For the past year, I have been trying to run at least a few times per week.  I've always been interested in the fact that I'm not very hungry after a run or a game of basketball.  In fact, not only am I not hungry, but I usually want nothing to do with food for period of time (probably around an hour).  I always thought this was some personal trait, likely connected with my experience as a high school wrestler and the necessity to avoid food after a workout in order to make weight.

However, I was pleased to see the New York Times detail a small study that explains the science behind this feeling and that it's fairly common.  For others who also have wondered why they're not hungry after a run, I've put the relevant part of the article below; the study is comparing the post-workout appetites of runners and walkers.  It's pretty interesting!

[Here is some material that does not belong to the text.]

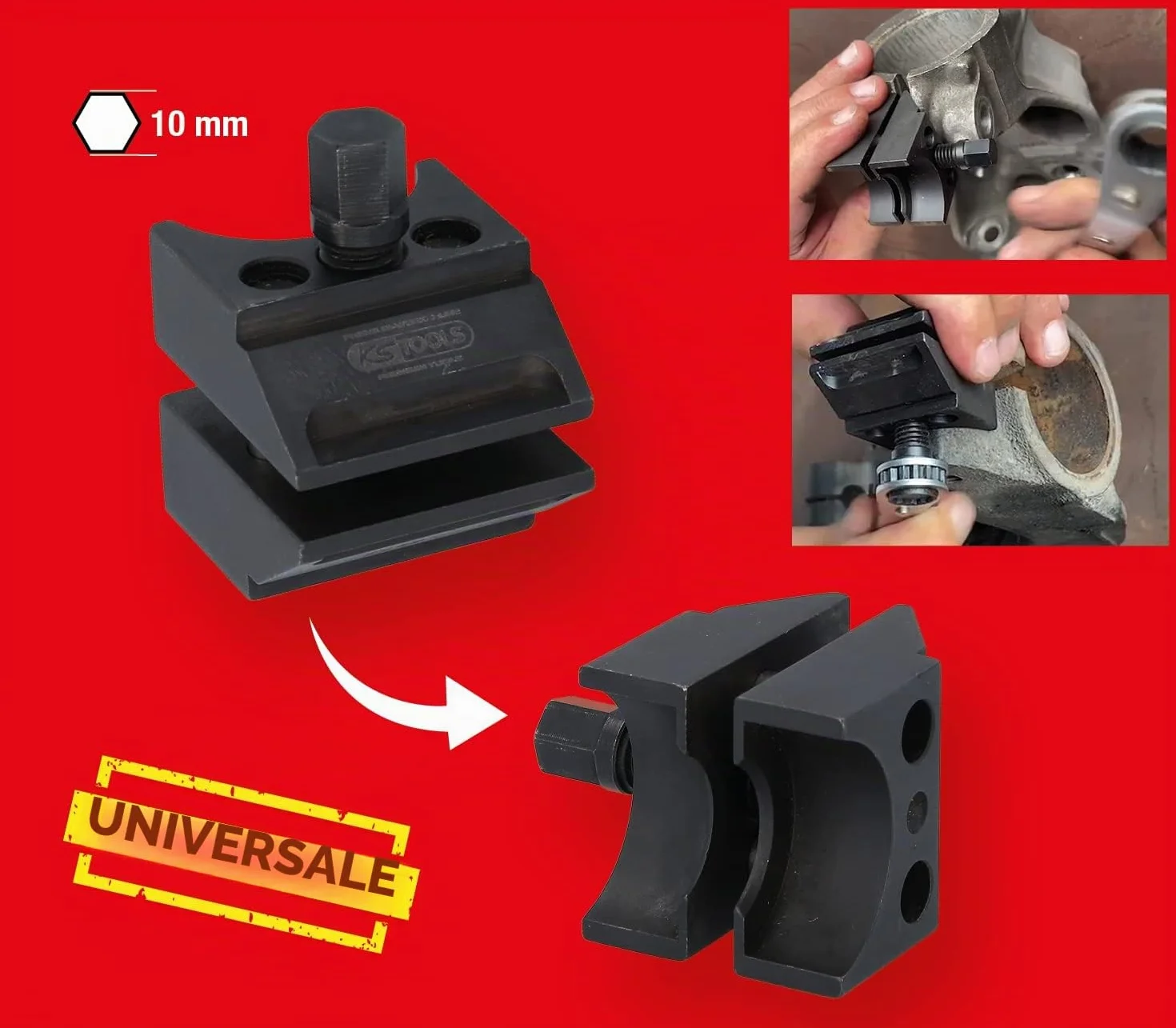 KS TOOLS Attrezzo 700.5662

The walkers turned out to be hungry, consuming about 50 calories more than they had burned during their hourlong treadmill stroll.

The runners, on the other hand, picked at their food, taking in almost 200 calories less than they had burned while running.

The runners also proved after exercise to have significantly higher blood levels of a hormone called peptide YY, which has been shown to suppress appetite. The walkers did not have increased peptide YY levels; their appetites remained hearty.

So, this study shows that running triggers a hormone known to suppress appetite.  Maybe the body is in a kind of lock-down mode due to the running and trying to focus on the task at hand or it is afraid of getting disturbed and hurting performance if it ingests food?  A scientist I am not, but I can certainly imagine some reasons this would happen while your body is under the stress of quickly burning energy.

I encourage you to read the full post on The Times' Well Blog, as it looks at why runners seem to remain thinner throughout their lives compared to walkers who burn a similar amount of calories in their exercise routines.  For me, it was cool to discover that I'm not alone and there is a scientific reason for having less appetite after a run.